Orderly as a swarm of bees

Brett F. Thornton


Naming and taxonomy (classification) are fundamental aspects of science: they allow discoveries to be communicated — and are frequently bitterly debated. For the chemical elements, these tasks began centuries ago and continue to this day. Peter Wothers’ Antimony, Gold, and Jupiter’s Wolf guides the reader through this surprisingly tumultuous part of chemistry’s development.

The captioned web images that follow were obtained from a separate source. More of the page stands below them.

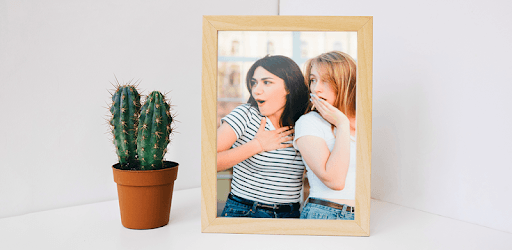 Photo Editor Pro - Picture Frame Maker pc screenshot Photo Editor Pro - Picture Frame Maker pc screenshot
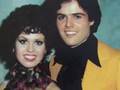 Donny and marie morning side of the mountain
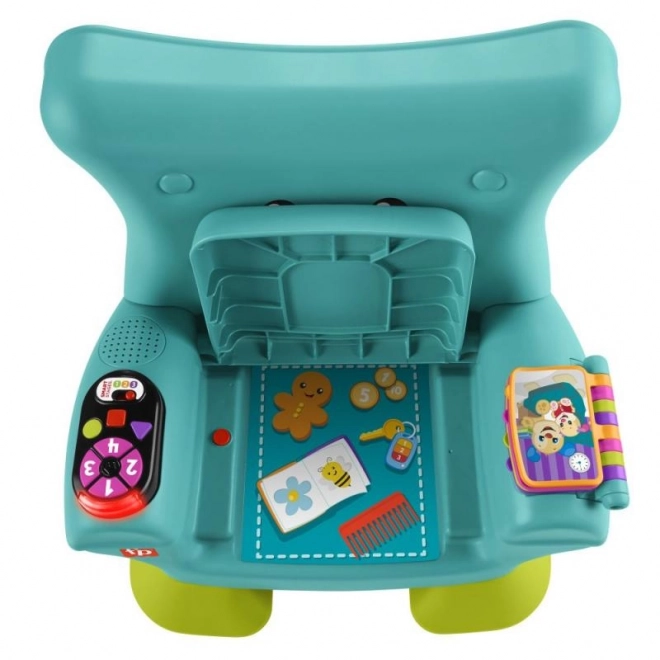 Fisher Price Smart Stages Chair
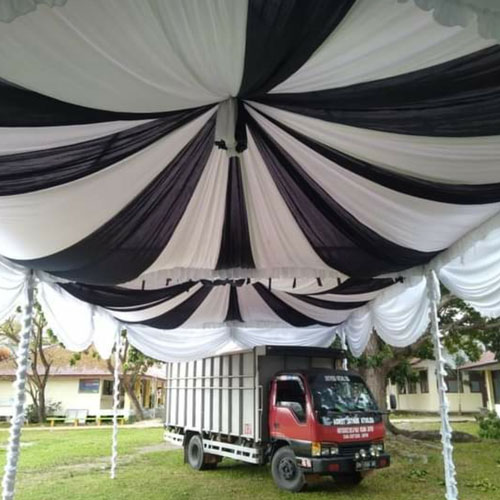 Plafon Balon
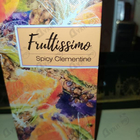 Отзывы Brocard Фрутиссимо Пряный Клементин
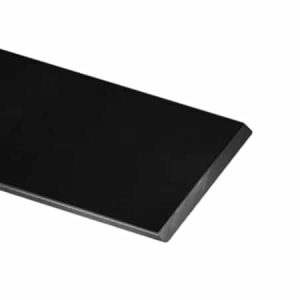 contrapeso para remate persiana de aluminio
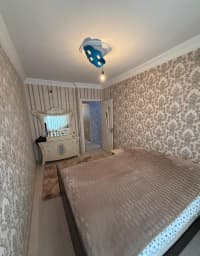 3 otaqlı mənzil 90 m² satılır — şəkil 5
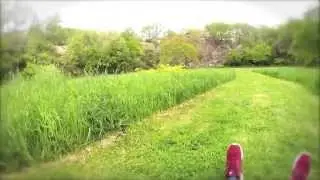 Mirage: Short Film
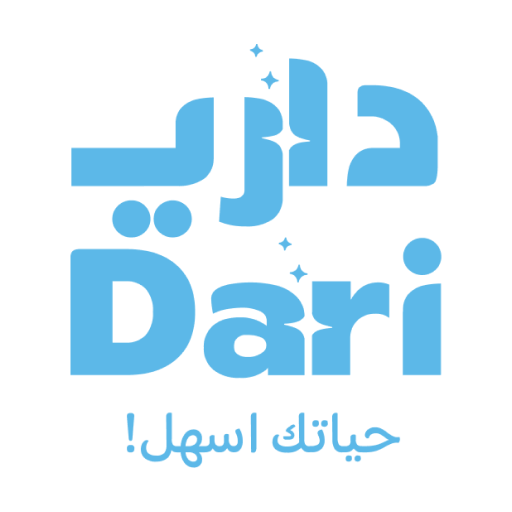 Dari - User logo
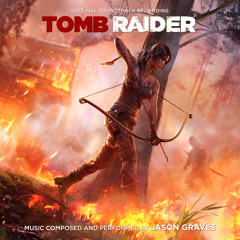 Tomb Raider Overture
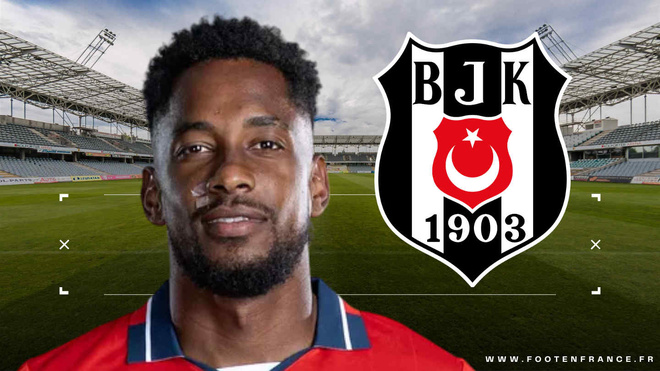 OM : Amir Murillo glisse quelques tacles avant Besiktas - Marseille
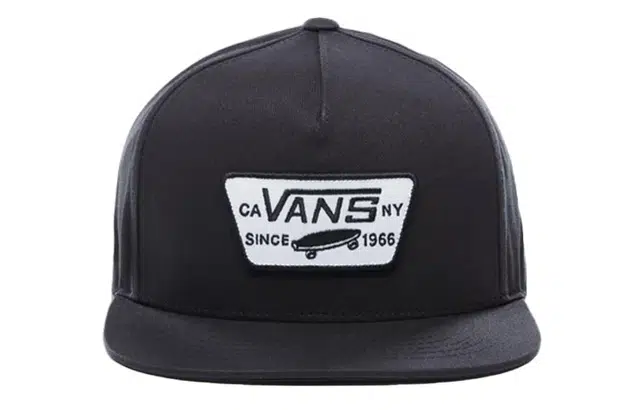 Vans Logo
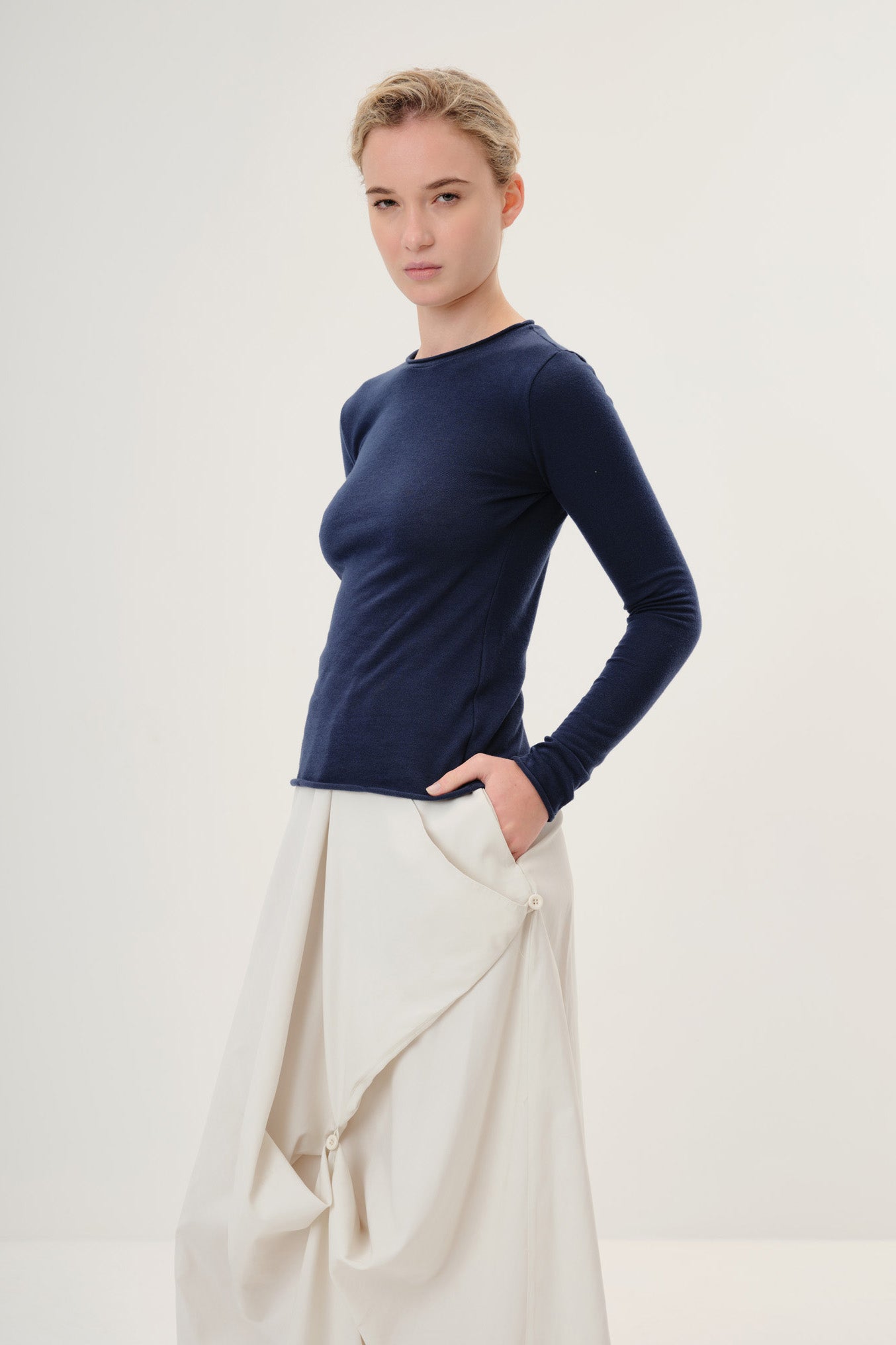Blusa Angel Marinho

In the Acknowledgements to his book, Wothers writes that he owns twenty editions of Lavoisier’s Traité Élémentaire de Chimie. This seems reasonable, as Traité is arguably the first book of chemistry’s ‘scripture’, but it was a vehemently opposed book when it appeared in 1789. Wothers quotes the contemporaneous English physician John Berkenhout on this new dephlogisticated chemistry, then emerging from Traité and other French texts: “It was born in France, and there let it die. It has been considered in other nations only to be ridiculed.”

Not ridiculed today, this period in the late 18th century saw the birth of modern chemistry, with its cornerstone the modern concept of a chemical element. Nearly half of Wothers’ book deals with events before the publication of Traité; and although many chemical element names predate this period, it is only in retrospect that we can recognize this. When Swedish mineralogist Axel Cronstedt discovered nickel in the mid-18th century, it was seen as a new metal, not a new element. But with far more than the seven metals of antiquity known by the end of that century, ideas coming from chemistry’s nomenclatural heroes, including Torbern Bergman, Guyton de Morveau and Lavoisier — and soon thereafter Davy, Berzelius and many others — rapidly displaced the ancient ideas of elements and intermediate theories, such as the aforementioned phlogiston. A bonus: Antimony, Gold, and Jupiter’s Wolf contains one of the clearest discussions of phlogiston theory I have ever encountered. But after Traité, systematic naming of the chemical elements could truly begin.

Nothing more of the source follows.